Early in 1945, she applied to the Coast Guard and the Service accepted her for enlistment. On February 17, 1945, just a few days after her 30thbirthday, Hooker was sworn-in as a member of the SPARs. That same day, Lieutenant Margaret Tighe at the Columbus, Ohio, recruiting office wrote:
It was not easy for Miss Hooker to take the step of enlistment. She is the first Negro woman to be accepted by the SPARS, and is in full realization of this fact. She feels a sincere desire to serve and further feels that she is opening a field for the young women of her own race.
Hooker had become the first African-American woman to wear a Coast Guard uniform.
In early March, Hooker reported to the Coast Guard’s Manhattan Beach Training Center in New York to begin boot camp. For six weeks, Hooker rose every morning at 5:00 a.m. and exercised for an hour before breakfast. Each day of training included chores, physical training and classes.She completed basic training in April and, for nine more weeks, she attended the Coast Guard’s yeoman school at Manhattan Beach.
After completing her training, Yeoman 3rd class Hooker received orders to Coast Guard Personnel Separation Center #1 located in Boston. While there, she spent most of her time preparing discharges for the numerous Coast Guardsmen returning home from the war and re-joining civilian life. In 1994, Hooker recounted to a Coast Guard public affairs specialist her processing an 18-year-old out of the Service. She recalled the young man describing coming under heavy fire during the D-Day landings and, for hours, taking cover under a pile of dead bodies. Hooker commented, “He made the war seem very real to me.”

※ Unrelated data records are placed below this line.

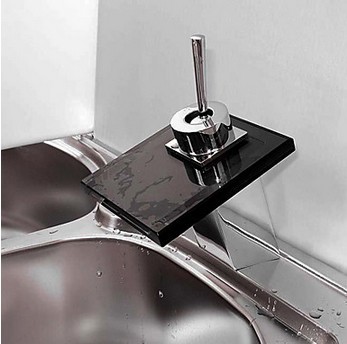 Waterfall Bathroom Sink Faucet with Black Glass Spout T0815-8 Waterfall Bathroom Sink Faucet with Black Glass Spout T0815-8
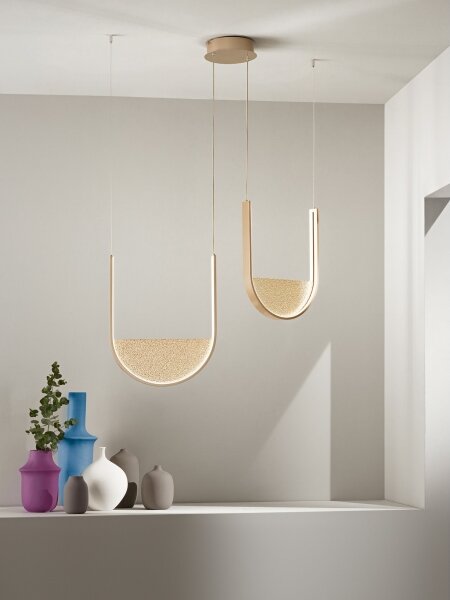 Ondaluce - LED димируема висяща лампа на кабел LOTUS LED/55W/230V златна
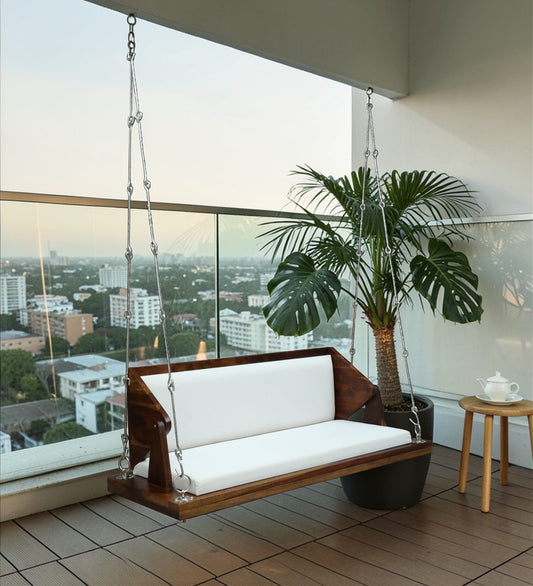 Modern Sheesham Wood Balcony Swing with White Cushions | Luxury Outdoor Hanging Jhula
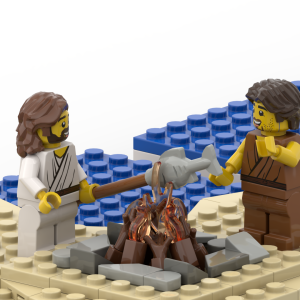 Jesus and Peter on the Capernaum shoreline – front and close up view of the Peter Loves Jesus building set.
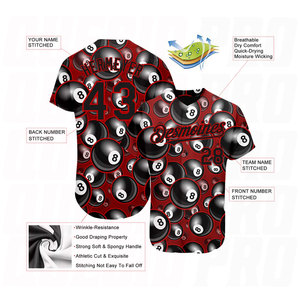 เสื้อเบสบอลแท้ลายพิมพ์ 3 มิติสีแดงดำแบบกำหนดเองสำหรับบิลเลียดสนุกเกอร์ 8 บอล - Product Image 3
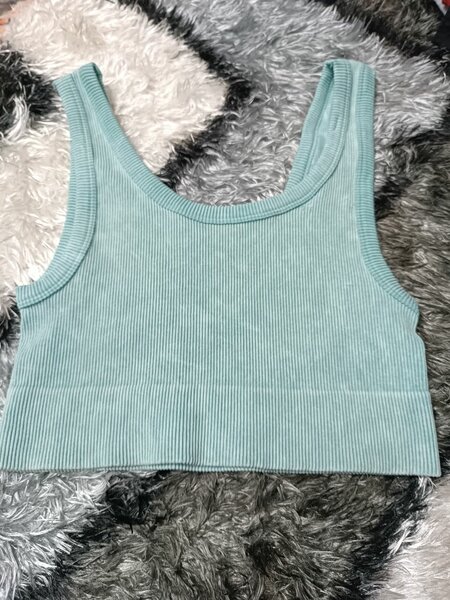 Débardeur côtelé vert femme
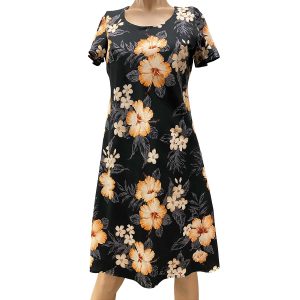 Hawaiian Hibiscus Resort Black A-Line Dress with Cap Sleeves
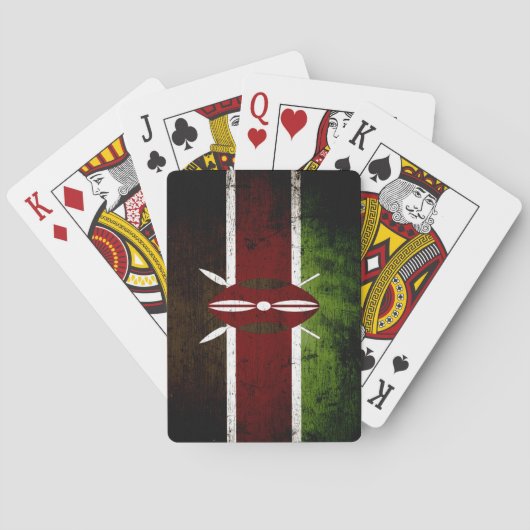 Black Grunge Kenya Flag Speelkaarten (Achterkant)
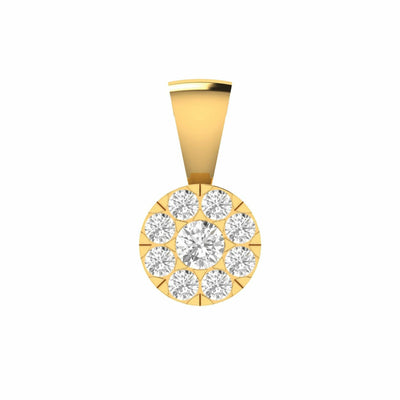 Cluster Diamond Pendant With 0.75ct Diamonds In 9K Yellow Gold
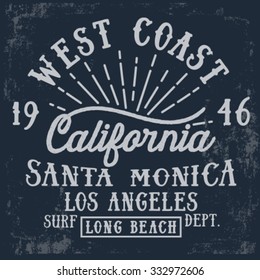 California typography, t-shirt graphics, 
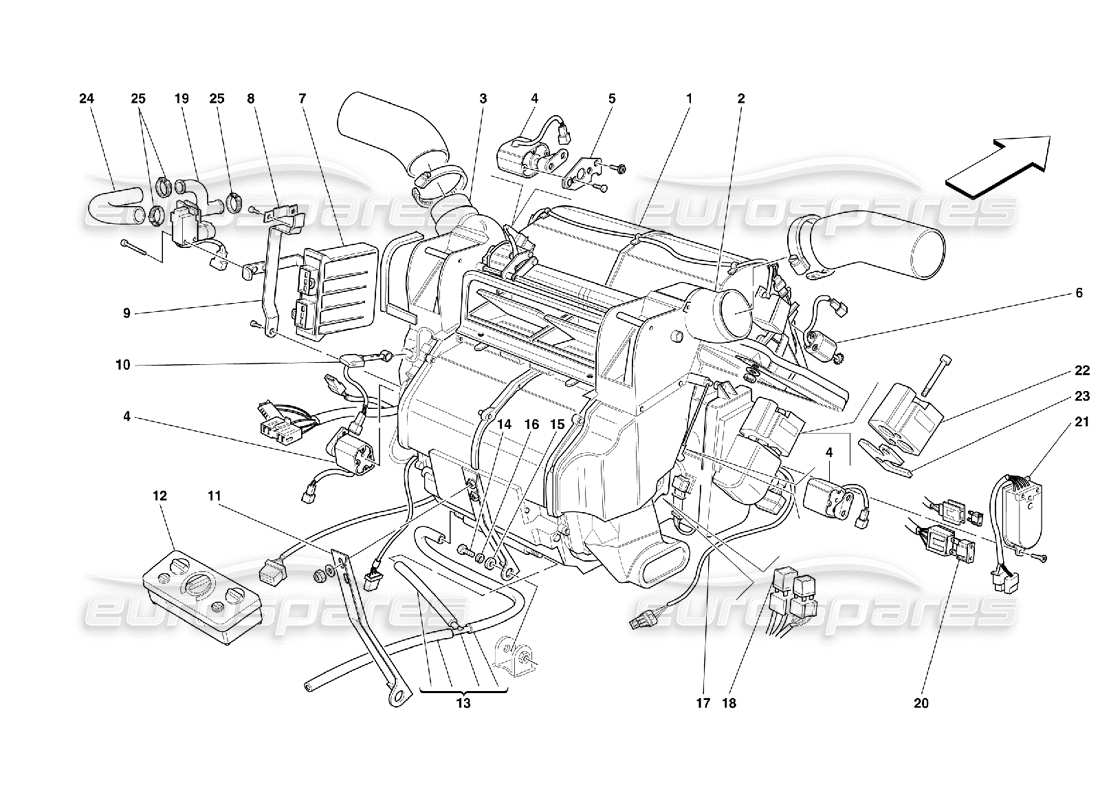 ferrari 456 m gt/m gta unidad evaporadora y controles diagrama de piezas
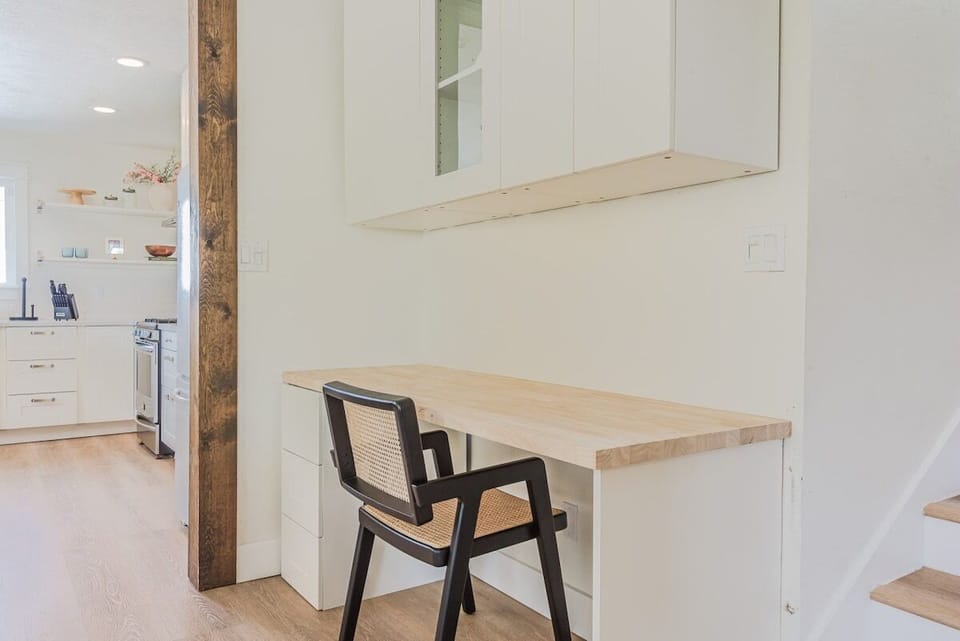 Get productive in this quiet, well-lit desk space—ideal for remote work.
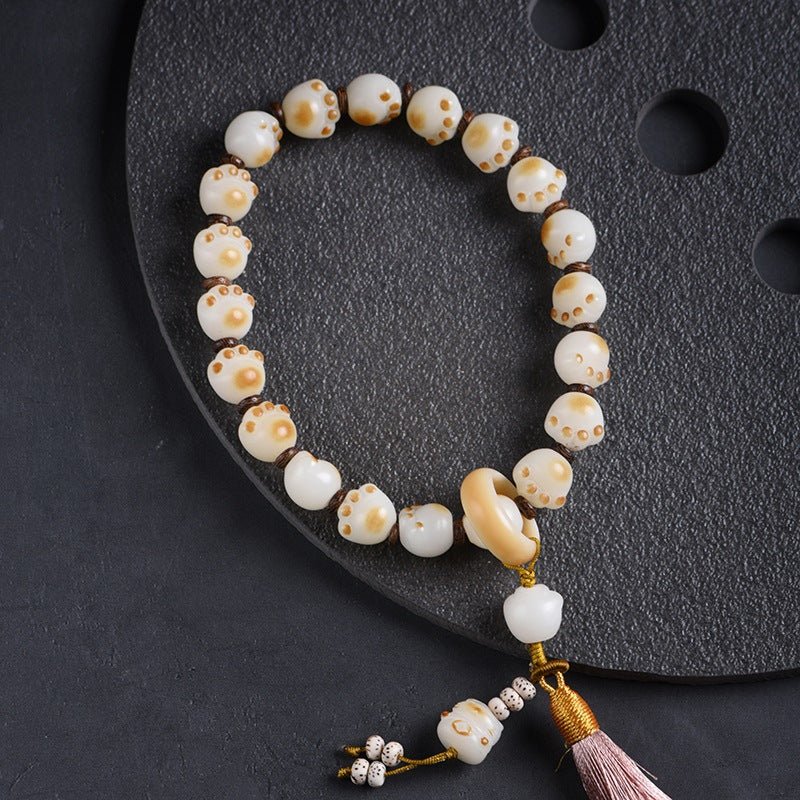 Charcoal - Burned Cat Paw Bodhi Beads Bracelet - STAR8S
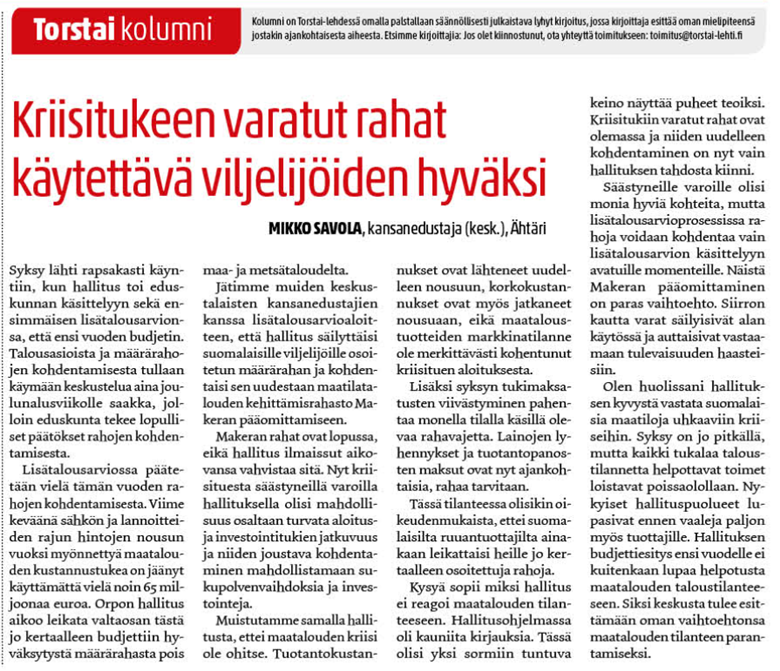 Kriisitukeen varatut rahat käytettävä viljelijöiden hyväksi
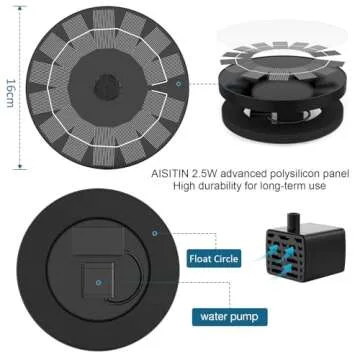 AISITIN 2.5W Solar Bird Bath Fountain Pump, Solar Fountain Pump for Bird Bath with 6 Nozzles, 6.7" Solar Powered Water Fountain Pump for Garden, Ponds, Pool, Fish Tank, Aquarium and Outdoor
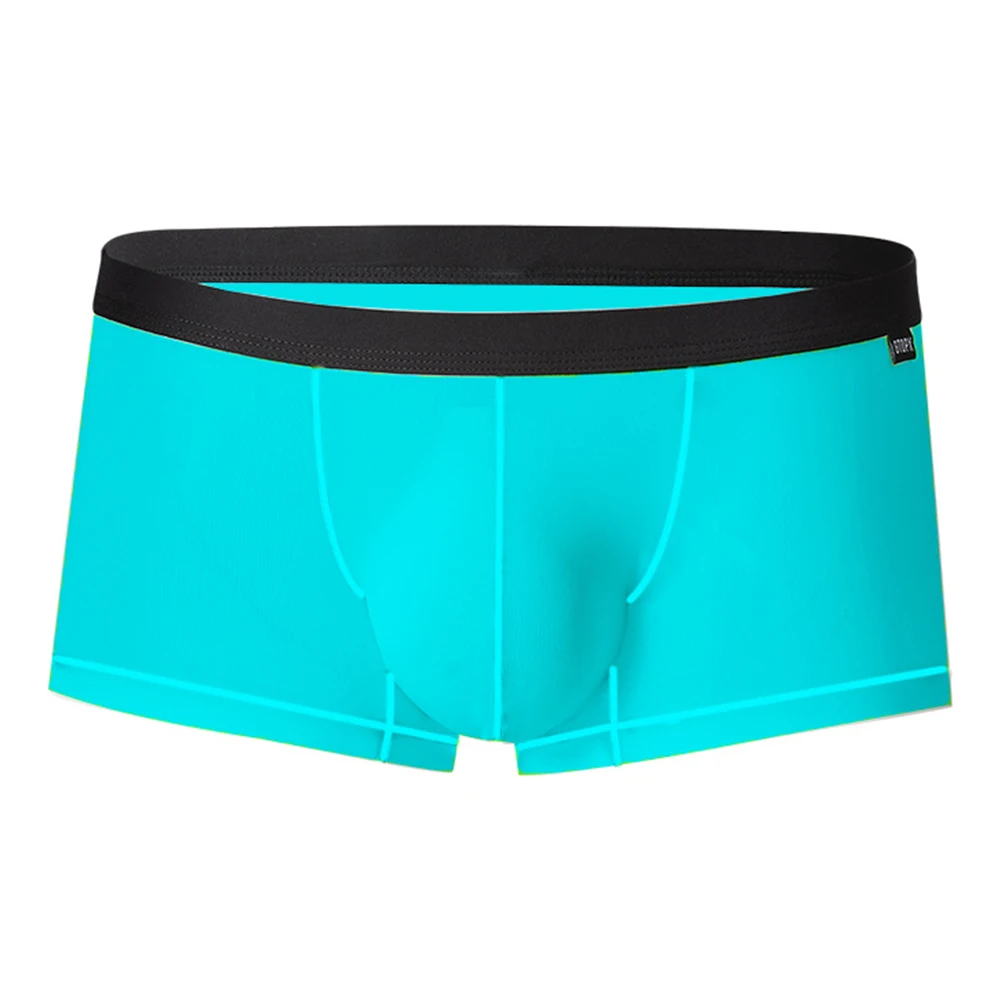 

Mens Thin Ice Silk Breathable Sweat Boxer Briefs Sexy Cock Pouch Enhancing Trunks Underpants Low Waist Shorts Underwear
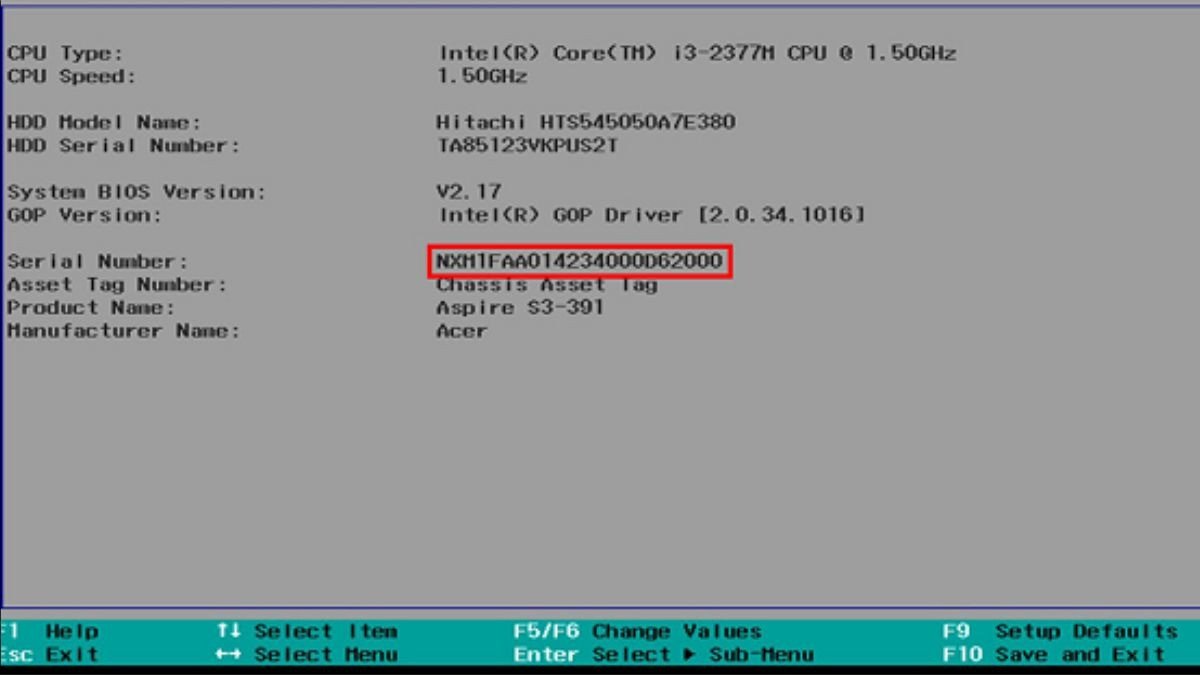 Giao diện BIOS hiển thị thông tin chi tiết bao gồm Manufacturing Date, giúp kiểm tra năm sản xuất laptop trực tiếp từ hệ thống
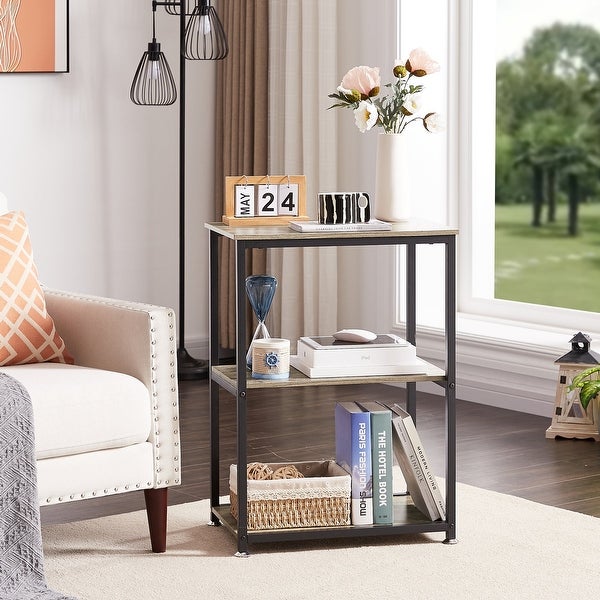 Javlergo Industrial End Side Tables Nightstand with 3-Tier Storage Shelf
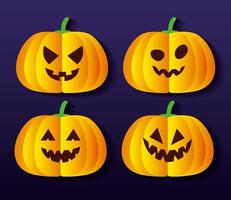 set of halloween pumpkins in paper cut style vector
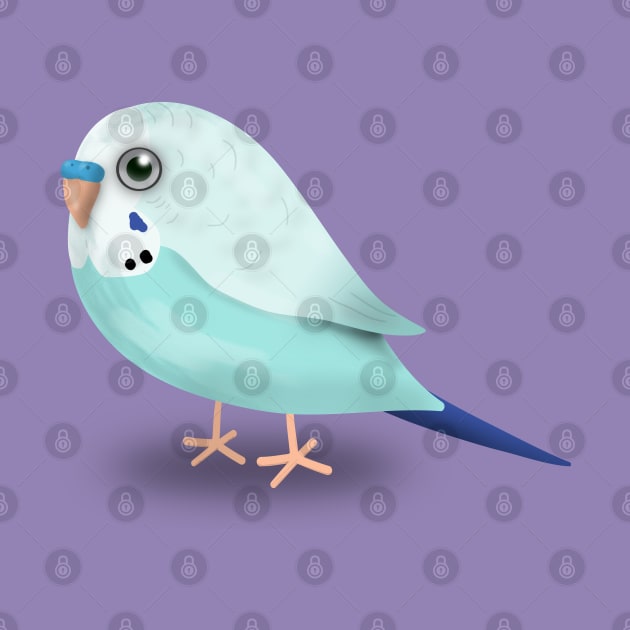 Cute illustration af a budgie by Bwiselizzy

By mid-1946, most wartime Coast Guardsmen had been processed out of the Service. The Coast Guard disbanded the SPARs and Hooker processed her own discharge papers while still serving at Boston. Using her GI Bill benefits, she earned a masters degree in psychology from Columbia University and a Ph.D. in psychology from the University of Rochester. By the early 1960s, Hooker had begun a career as a psychologist and professor of psychology at New York’s Fordham University. She also served as a member of the Kennedy Child Study Center in the Bronx. In 2002, she retired at the age of 87 after a long career in education and mental health care.
Throughout her life, Olivia Hooker was a leader in civic, community, cultural and educational organizations, including the NAACP, her local White Plains Child Daycare Association, Westchester Visiting Nurse Services, and several other organizations. She also served as a consultant on minority issues at Fordham University and as youth counselor and certified lay speaker in the United Methodist Church. In 2014, Dr. Hooker expressed her own philosophy of service to others: “It’s not about you or me; it’s about what we can give to this world.”
Dr. Olivia J. Hooker was a pioneer in the history of women and minorities in the Coast Guard and the nation. She believed that her military service taught her “a lot about order and priorities” and “how to better form relationships, and how to deal with people without bias and prejudice.” Despite experiencing hatred and racism in her own life, she devoted her life and her career to serving the needs of her community and her nation.
Dr. Hooker passed away in 2018 at the age of 103. She was a trailblazing member of the long blue line and a remarkable example of the Service’s core values of honor, respect and devotion to duty. She will soon be honored as the namesake of a Fast Response Cutter.